While the ideas is this book are interesting, it's somewhat hard to follow and large sections of it are quite dry. The most interesting sections are probably the first two sections of the "Contagion of Liberty" chapter. Bailyn explains how the ideas of the revolution, especially equality and rights, challenged many different normal structures in society, such as slavery or the establishment of a Church. The revolutionary period witnessed the first major push against slavery in American history and started a wave of agitation that eventually undid Northern slavery and the slave trade. Obviously it was difficult to justify the continuation of slavery in the era of liberty, freedom, and enlightenment, but slave-owners came up with weak defenses away. Bailyn's treatment of slavery is much better than Wood, so simply states that the principles of the revolution doomed slavery. Bailyn more subtly argues that the revolution put slaveholders on the defensive and for the first time compelled them to justify the holding of slaves in bondage. In this telling, slavery was not doomed by the revolution, but the way many Americans talked and thought about slavery changed in ways that opened up its eventual containment, mitigation, and elimination.
The Ideological Origins of the American Revolution gives a unique, and innovative (for its time) perspective on the causes and ideology of the patriots before the American Revolution. Published in 1967, Bernard Bailyn makes a significant contribution to the study of the Revolution as an intellectual historian. The thesis for the book in his own words is, “that the American Revolution was above all else an ideological, constitutional, political struggle and not primarily a controversy between social groups undertaken to force changes in the organization of the society or the economy” (vi). In order to prove his thesis, Bailyn organizes the book into six topically organized chapters.
In “The Literature of Revolution” Bailyn explains the basis for his research by introducing the pamphlets that were passed through society to argue ideas. Some sparks for the use of those pamphlets included the Stamp Act, the Townsend Duties. There were three types of pamphlets: those in response to public events, individual exchanges or arguments, and orations that spoke of the remembrance of events such as the Stamp Act and the Boston Massacre. Bailyn explains that colonists identified mostly with ideological writers of the early eighteenth century. Chapter II, “Sources and Traditions” deals with some of the same but adds the point that the origins of the Revolution were derivatives of, “inconclusive ideas about the world and America’s place in it were fused in a comprehensive view, unique in its moral and intellectual appeal (22). In essence, the colonists revolted for these reasons and not just those traditional grievances.

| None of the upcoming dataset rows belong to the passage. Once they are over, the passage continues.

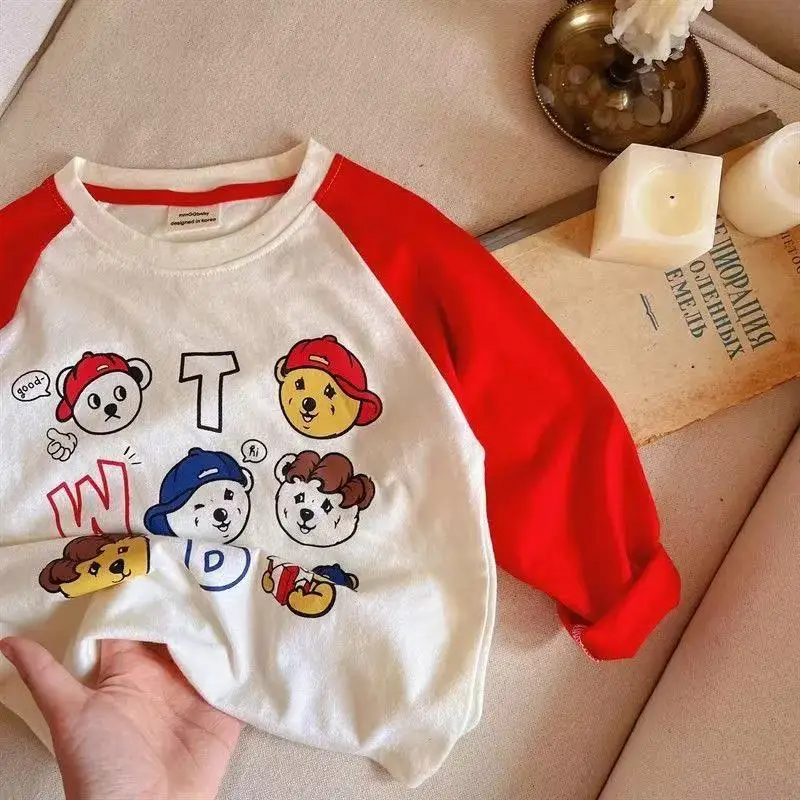 

Spring New Children Long Sleeve Splicing T Shirts Cartoon Print Girls Cotton Casual Tees Boys Bottoming Shirts Kids Clothes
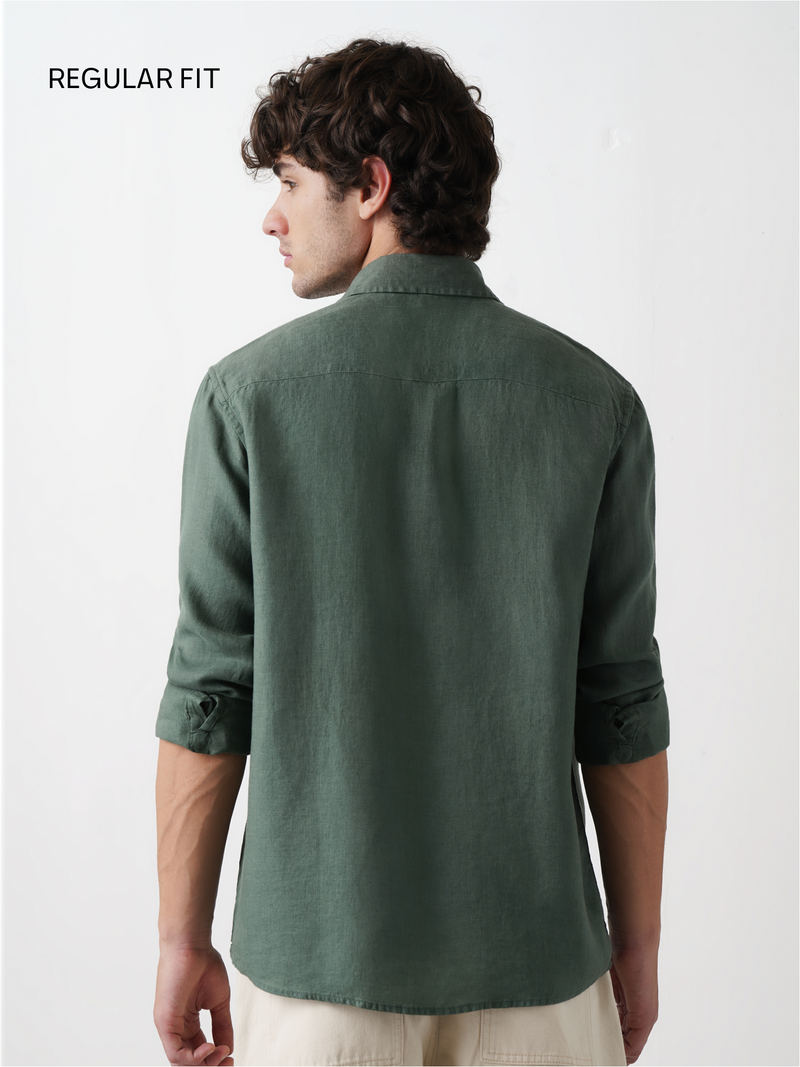 Dark Green Pure European Linen Shirt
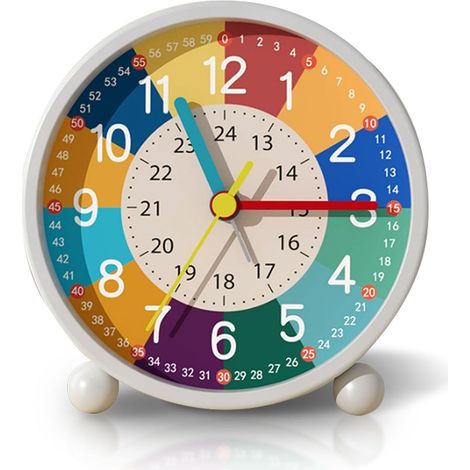 Kinderwecker, geräuschloses, tickfreies Analog-Design für Tiefschläfer, wiederaufladbarer Nachttischwecker mit farbigem Zifferblatt (12/24-Stunden-Anzeige) (1/4)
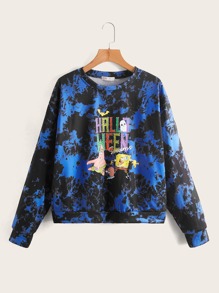 Halloween Tie Dye & Cartoon Print Sweatshirt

“Power and Liberty: A Theory of Politics” deals with the distribution of power and the eighteenth century belief about it and its relationship of those who have it to others. He writes that power meant the dominion of some men over other and the control of human life (56). Those in power were supposed to look out for their people and liberty was based on the ability of the people to check power. Of course, this is completely opposite from living in a monarchy. In essence, they wanted a three branch system with checks and balances. In “The Logic of Rebellion,” Bailyn explains that the patriots started the Revolution on the basis that they “they were faced with conspirators against liberty determined at all costs to gain ends which their words dissembled” (95). In other words, the patriots did not agree that those in power were standing in the interests of liberty in the American colonies.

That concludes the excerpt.